[LISTED RECORDS]

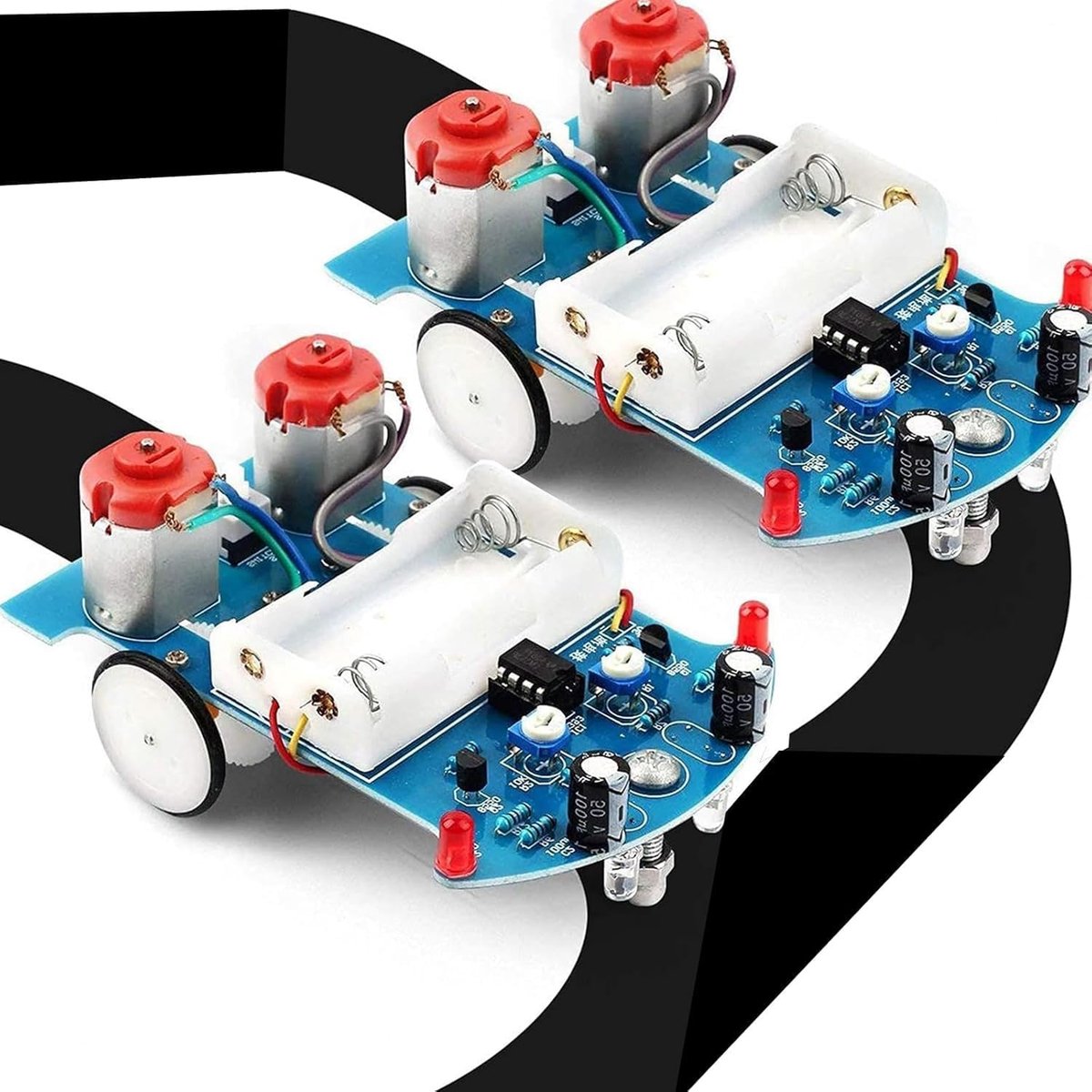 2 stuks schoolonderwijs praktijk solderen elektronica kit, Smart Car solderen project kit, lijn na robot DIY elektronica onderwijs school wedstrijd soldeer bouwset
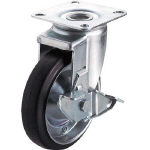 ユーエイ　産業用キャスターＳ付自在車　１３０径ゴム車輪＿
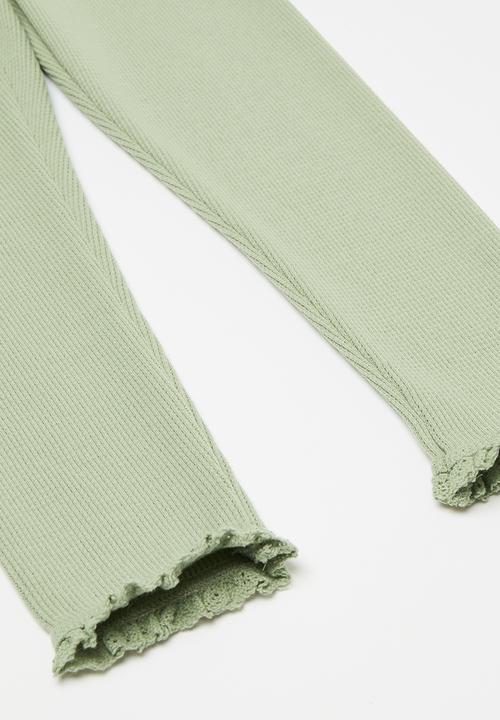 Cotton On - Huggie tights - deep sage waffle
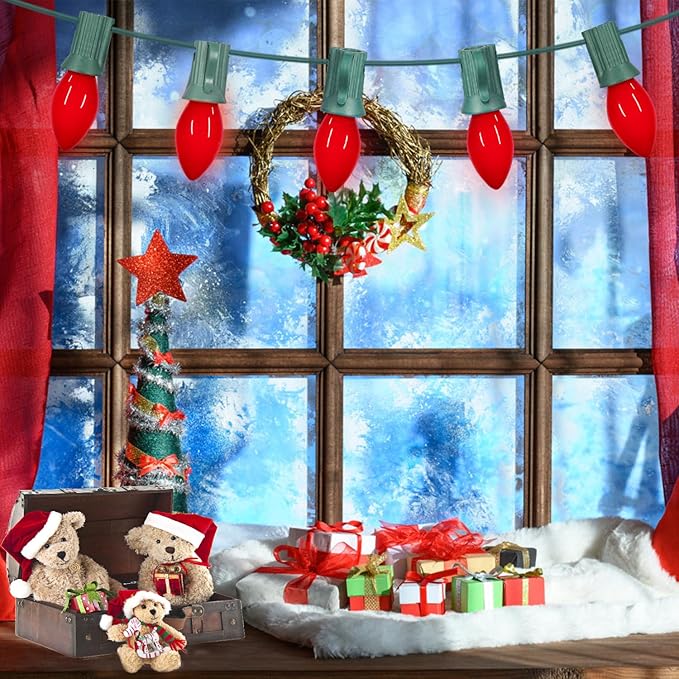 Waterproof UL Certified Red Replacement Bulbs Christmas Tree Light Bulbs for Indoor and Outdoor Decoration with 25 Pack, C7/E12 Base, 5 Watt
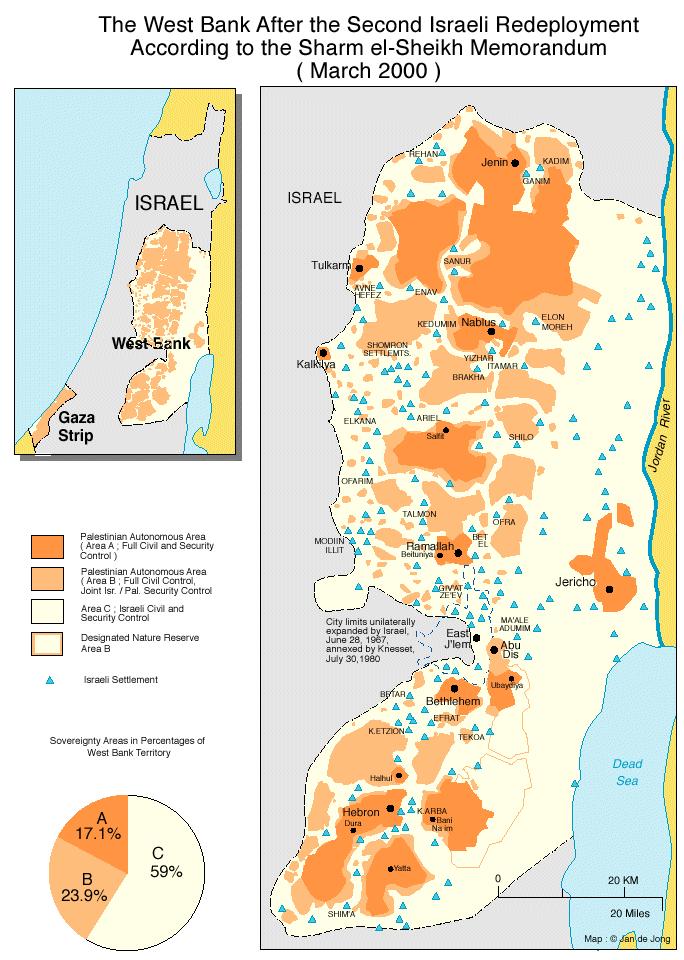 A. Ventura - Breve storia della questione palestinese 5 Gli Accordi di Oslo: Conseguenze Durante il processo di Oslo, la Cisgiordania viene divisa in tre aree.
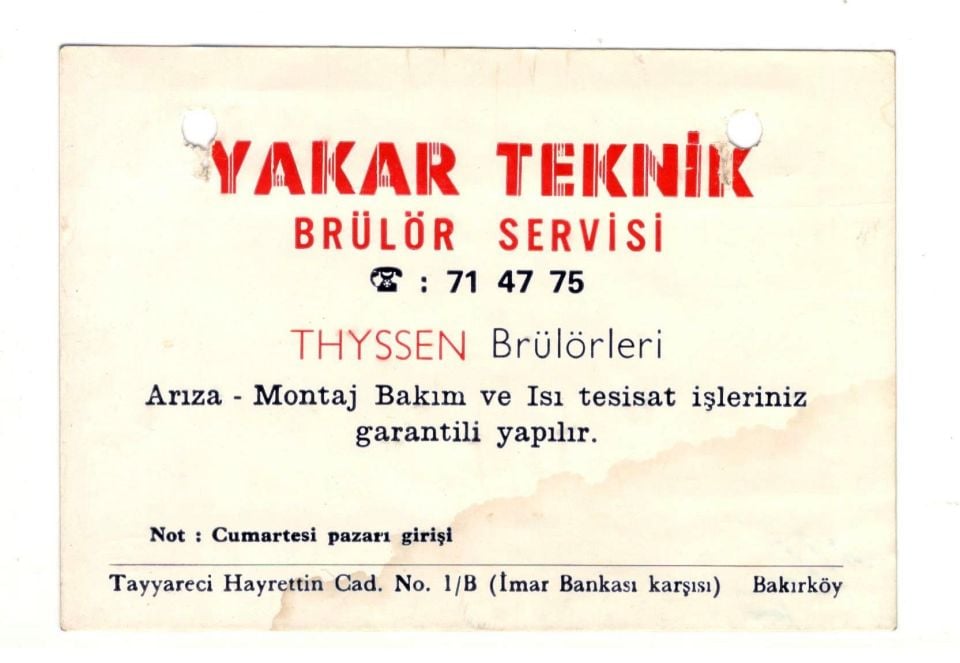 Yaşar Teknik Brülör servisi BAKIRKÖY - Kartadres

[/LISTED RECORDS]

> [WORK TASK]: Write the lines from the one containing "Waterproof UL Certified" through the end of the data above exactly as they appear, and do not carry over any picture.

> [RESPONSE AREA]:
 Waterproof UL Certified Red Replacement Bulbs Christmas Tree Light Bulbs for Indoor and Outdoor Decoration with 25 Pack, C7/E12 Base, 5 Watt
 A. Ventura - Breve storia della questione palestinese 5 Gli Accordi di Oslo: Conseguenze Durante il processo di Oslo, la Cisgiordania viene divisa in tre aree.
 Yaşar Teknik Brülör servisi BAKIRKÖY - Kartadres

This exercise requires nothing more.